I pinged the python-pillow packager. The package had simply fallen through the cracks and he will be updating it today, but 7.0 introduced some API breakage so the upgraded package will probably hang out in the testing repo for a bit.

fbrennan commented on 2020-06-13 01:03 (UTC)

It might make sense to put it an orphan request for python-pillow-git, then update that, then temporarily require it, @pigmonkey, given how long the community package has been out of date. Though, it's of course up to you, as it might be too much work.

jbarlow commented on 2020-06-13 00:41 (UTC)

Upstream here. I noticed python-pillow in AUR is quite old so this could be a blocker for some time.

ocrmypdf does work with pillow 6.2.1, with all tests passing. You could override the requirement and permit the earlier pillow. (I'd rather not change this upstream, so that upstream reflects the configuration that is being tested.)

On another note, I strongly doubt that pillow-simd would yield any measurable change in performance so it would not be worth the effort to integrate this.

pigmonkey commented on 2020-06-12 21:45 (UTC)
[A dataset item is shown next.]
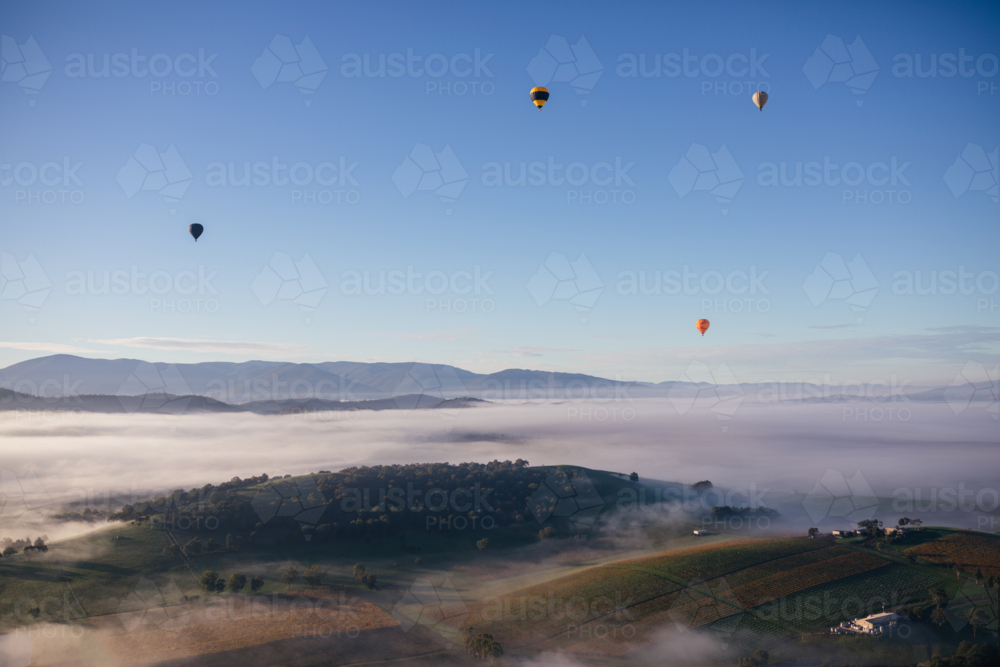 Hot Air Balloons above misty valley - Australian Stock Image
This package is stuck on 9.8.2 until the community python-pillow package is upgraded to >=7.0.0.

pigmonkey commented on 2020-05-28 22:17 (UTC)

Thanks for identifying the issue. It looks like v9.8.1 fixes this and is in the process of being pushed to pypi.

brianmercer commented on 2020-05-28 21:18 (UTC)

Temporary workaround is to roll back python-pdfminer to the prior version:

pacman -U /var/cache/pacman/pkg/python-pdfminer-20200402-1-any.pkg.tar.zst

and optionally add

IgnorePkg = python-pdfminer

to the /etc/pacman.conf file to keep it from upgrading for now.